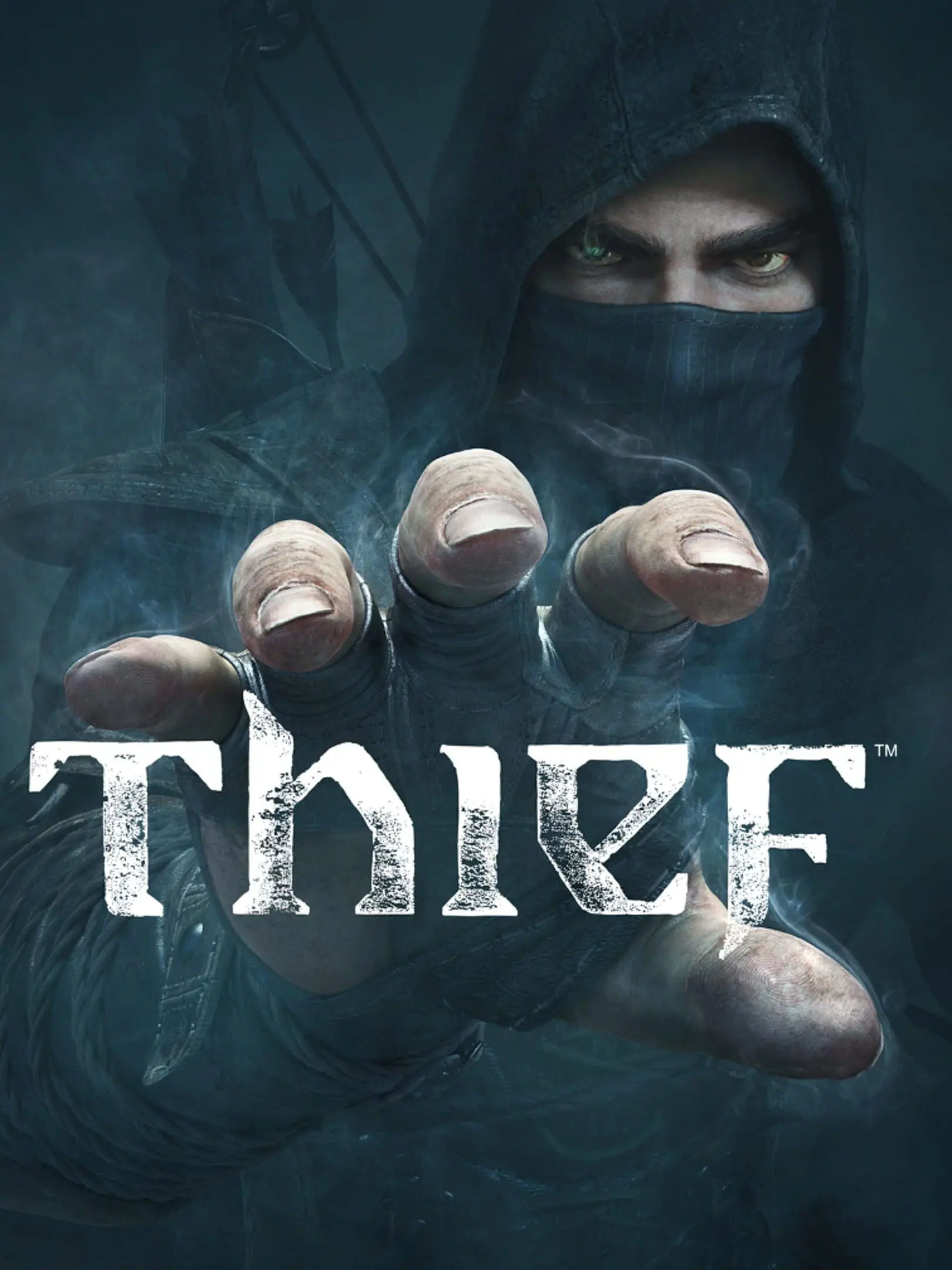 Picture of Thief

...

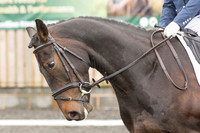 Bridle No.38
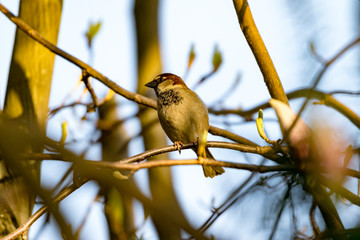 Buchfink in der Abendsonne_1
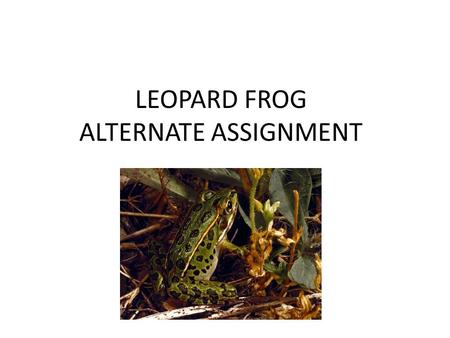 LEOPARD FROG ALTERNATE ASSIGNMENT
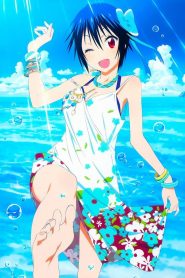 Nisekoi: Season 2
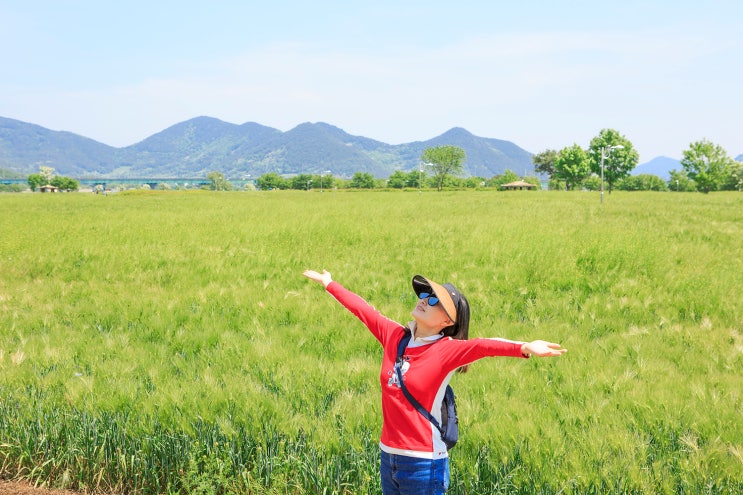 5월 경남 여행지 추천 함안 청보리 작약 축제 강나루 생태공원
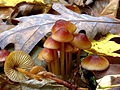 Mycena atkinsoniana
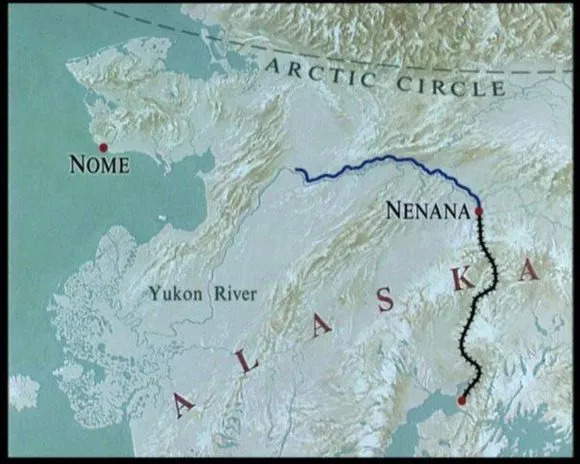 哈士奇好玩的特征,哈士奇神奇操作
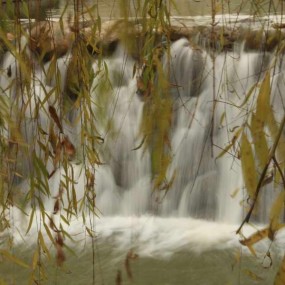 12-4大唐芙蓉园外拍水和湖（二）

* **Exercise instructions**: Output exactly the stretch of the listing that begins at the line containing "Nisekoi: Season 2" and ends at the line containing "12-4大唐芙蓉园外拍水和湖（二）", both kept. Omit pictures and everything else.

* **Exercise solution**:
 Nisekoi: Season 2
 5월 경남 여행지 추천 함안 청보리 작약 축제 강나루 생태공원
 Mycena atkinsoniana
 哈士奇好玩的特征,哈士奇神奇操作
 12-4大唐芙蓉园外拍水和湖（二）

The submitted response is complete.